As part of plans to expand into the mobile games market, Seattle-based company RealNetworks has acquired Finnish developer and publisher Mr.Goodliving at a cost of $15 million cash.
It's estimated that the move will generate incremental revenue of approximately $3 million for 2005, and $8 million next year. Revenue guidance for 2005 has also been updated from between $320-$330 million to $323-$333 million.
RealNetworks, which describes itself as "the global leader in downloadable PC-based casual games", intends to introduce Mr.Goodliving's catalogue of titles to the US and Asian markets for the first time.
"Mr.Goodliving has a proven record of developing and delivering innovative mobile games content throughout Europe, where mass market adoption of advanced mobile services is firmly established," said RealNetworks CEO Rob Glaser.
"By joining forces with Mr.Goodliving, we are now expanding our casual games business onto mobile handsets worldwide."
Mr.Goodliving's portfolio includes the Playman Sports series and European distribution rights for the mobile edition of Trivial Pursuit. The company has also developed EMERGE, a proprietary development platform which enables scalable publishing of games to more than 200 handsets in 20 languages.
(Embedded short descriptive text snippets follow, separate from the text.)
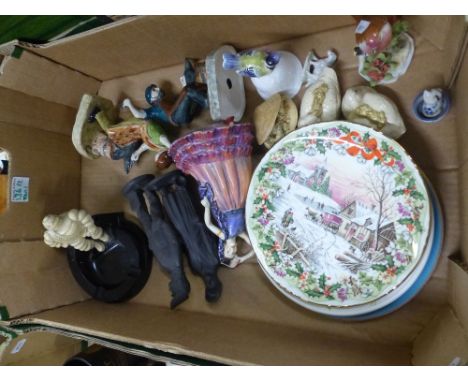 A Mixed Collection of Items to Include Decorative Wall Plates, Royal Adderley Robin (a/f), Tankards, Horse Figure, Bakelite M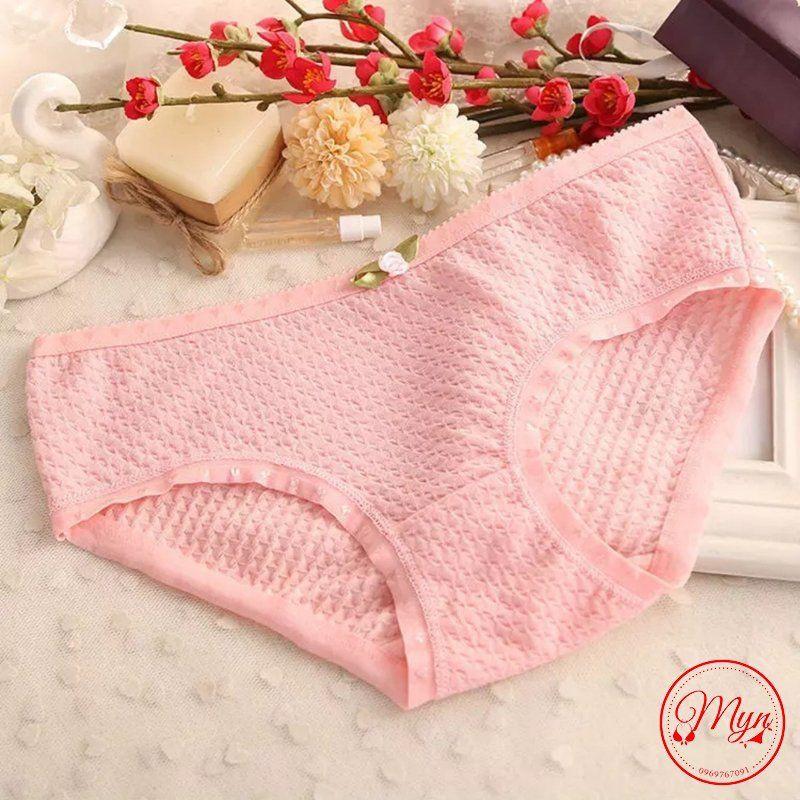 QUẦN LÓT COTTON THÔNG THOÁNG MỀM MỊN ĐÍNH NƠ HOA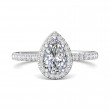 FlyerFit® 18K White Gold Micropave Halo Engagement Ring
"Joining with Real enables our team to continue creating more of the top selling mobile games and provide those games to a wider global audience through Real's mobile distribution network," said Mr.Goodliving CEO Juha Ruskola.
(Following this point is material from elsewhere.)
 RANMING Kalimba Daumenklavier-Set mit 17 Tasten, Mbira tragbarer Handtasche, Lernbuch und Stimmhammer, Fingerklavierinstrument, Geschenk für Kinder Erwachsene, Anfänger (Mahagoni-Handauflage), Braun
"We are very pleased to apply our creativity and technology skills to help Real become a leader in this rapidly expanding and ever changing mobile games industry."
Mr.Goodliving will operate as a wholly-owned subsidiary of Real, and all staff will continue to work in the firm's Helskinki office.
RealNetworks recently released Q1 2005 figures revealing that its casual games division generated more than $12 million in revenue over the period - an 80 per cent increase over the first quarter of 2004. Real currently has deals in place with more than 70 wireless operators around the globe.